Drop dataframe columns that are not useful

dataframe = dataframe.drop(['id','Attrition','EmployeeCount','EmployeeNumber'], axis=1)

Preprocess data



Split Dataframes for training and validation then convert dataframes to datasets.

val_dataframe = dataframe.sample(frac=0.2, random_state=1337)
train_dataframe = dataframe.drop(val_dataframe.index)


print(
    "Using %d samples for training, %d for validation and %d for predicting"
    % (len(train_dataframe), len(val_dataframe), len(pred_dataframe))
)

def dataframe_to_dataset(dataframe):
    dataframe = dataframe.copy()
    labels = dataframe.pop("AttritionBinary")
    ds = tf.data.Dataset.from_tensor_slices((dict(dataframe), labels))
    ds = ds.shuffle(buffer_size=len(dataframe))
    return ds


def pred_dataframe_to_dataset(dataframe):
    dataframe = dataframe.copy()
    ds = tf.data.Dataset.from_tensor_slices((dict(dataframe)))
    ds = ds.shuffle(buffer_size=len(dataframe))
    return ds



train_ds = dataframe_to_dataset(train_dataframe)
val_ds = dataframe_to_dataset(val_dataframe)
pred_ds = pred_dataframe_to_dataset(pred_dataframe)

for x, y in train_ds.take(1):
    print("Input:", x)
    print("Target:", y)

train_ds = train_ds.batch(32)
val_ds = val_ds.batch(32)

Normalize integers, convert strings, do one hot encoding

Feature preprocessing with Keras layers The following features are categorical features encoded as integers:

  • Education
  • EnvironmentSatisfaction
  • JobInvolvement
  • JobLevel
  • JobSatisfaction
  • PerformanceRating
  • RelationshipSatisfaction
  • StandardHours
  • StockOptionLevel
  • WorkLifeBalance

We will encode these features using one-hot encoding using the CategoryEncoding() layer.

We also have some categorical features encoded as strings:

  • BusinessTravel
  • Department
  • EducationField
  • Gender
  • JobRole
  • MaritalStatus
  • Over18
  • OverTime

We will first create an index of all possible features using the StringLookup() layer, then we will one-hot encode the output indices using a CategoryEncoding() layer.

Finally, the following feature are continuous numerical features:

  • Age
  • DailyRate
  • DistanceFromHome
  • HourlyRate
  • MonthlyIncome
  • MonthlyRate
  • NumCompaniesWorked
  • PercentSalaryHike
  • TotalWorkingYears
  • TrainingTimesLastYear
  • YearsAtCompany
  • YearsInCurrentRole
  • YearsSinceLastPromotion
  • YearsWithCurrManager

For each of these features, we will use a Normalization() layer to make sure the mean of each feature is 0 and its standard deviation is 1.

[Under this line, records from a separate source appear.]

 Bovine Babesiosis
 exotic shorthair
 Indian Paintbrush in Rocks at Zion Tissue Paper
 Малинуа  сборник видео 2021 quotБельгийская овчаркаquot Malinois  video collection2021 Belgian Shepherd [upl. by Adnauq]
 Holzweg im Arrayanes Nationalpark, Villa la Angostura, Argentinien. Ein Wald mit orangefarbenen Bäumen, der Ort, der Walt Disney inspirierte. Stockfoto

Below, we use 3 utility functions to do the operations (all 3 functions were written by fchollet):

  • encode_numerical_feature to apply featurewise normalization to numerical features.
  • encode_string_categorical_feature to first turn string inputs into integer indices, then one-hot encode these integer indices.
  • encode_integer_categorical_feature to one-hot encode integer categorical features.
from tensorflow.keras.layers.experimental.preprocessing import Normalization
from tensorflow.keras.layers.experimental.preprocessing import CategoryEncoding
from tensorflow.keras.layers.experimental.preprocessing import StringLookup


def encode_numerical_feature(feature, name, dataset):
    # Create a Normalization layer for our feature
    normalizer = Normalization()

    # Prepare a Dataset that only yields our feature
    feature_ds = dataset.map(lambda x, y: x[name])
    feature_ds = feature_ds.map(lambda x: tf.expand_dims(x, -1))

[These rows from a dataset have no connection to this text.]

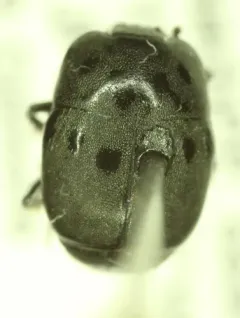 Hypocaccus estriatus thumbnail 4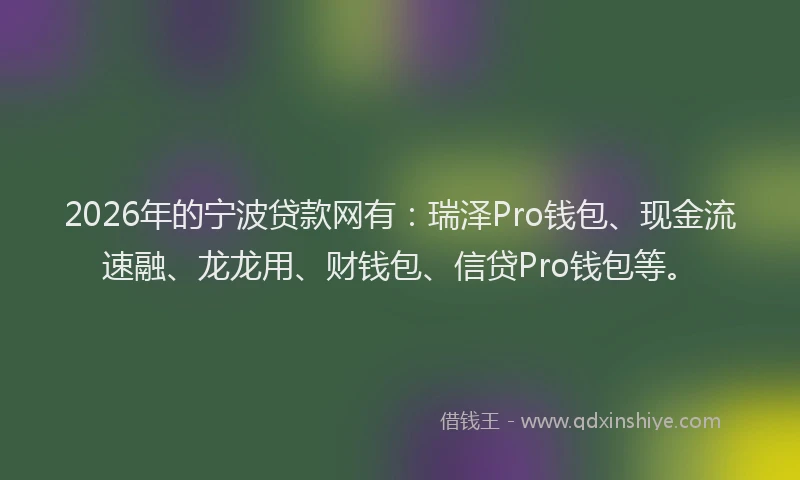 2026年的宁波贷款网有：瑞泽Pro钱包、现金流速融、龙龙用、财钱包、信贷Pro钱包等。
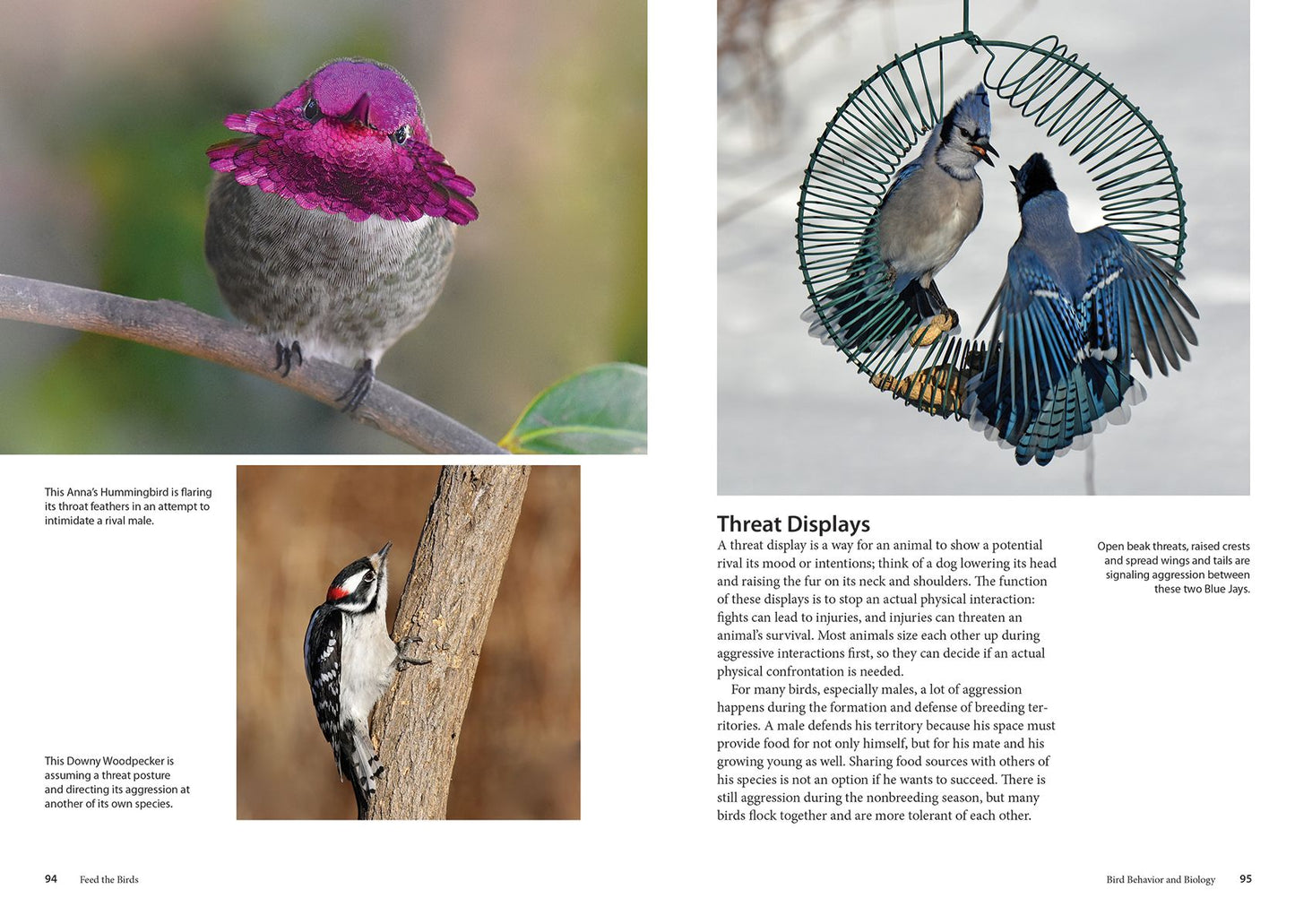 Feed the Birds: Attract and Identify 196 Common North American Birds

    # Learn the statistics of the data
    normalizer.adapt(feature_ds)

    # Normalize the input feature
    encoded_feature = normalizer(feature)
    return encoded_feature


def encode_string_categorical_feature(feature, name, dataset):
    # Create a StringLookup layer which will turn strings into integer indices
    index = StringLookup()

    # Prepare a Dataset that only yields our feature
    feature_ds = dataset.map(lambda x, y: x[name])
    feature_ds = feature_ds.map(lambda x: tf.expand_dims(x, -1))

    # Learn the set of possible string values and assign them a fixed integer index
    index.adapt(feature_ds)

    # Turn the string input into integer indices
    encoded_feature = index(feature)

    # Create a CategoryEncoding for our integer indices
    encoder = CategoryEncoding(output_mode="binary")

    # Prepare a dataset of indices
    feature_ds = feature_ds.map(index)

    # Learn the space of possible indices
    encoder.adapt(feature_ds)

    # Apply one-hot encoding to our indices
    encoded_feature = encoder(encoded_feature)
    return encoded_feature


def encode_integer_categorical_feature(feature, name, dataset):
    # Create a CategoryEncoding for our integer indices
    encoder = CategoryEncoding(output_mode="binary")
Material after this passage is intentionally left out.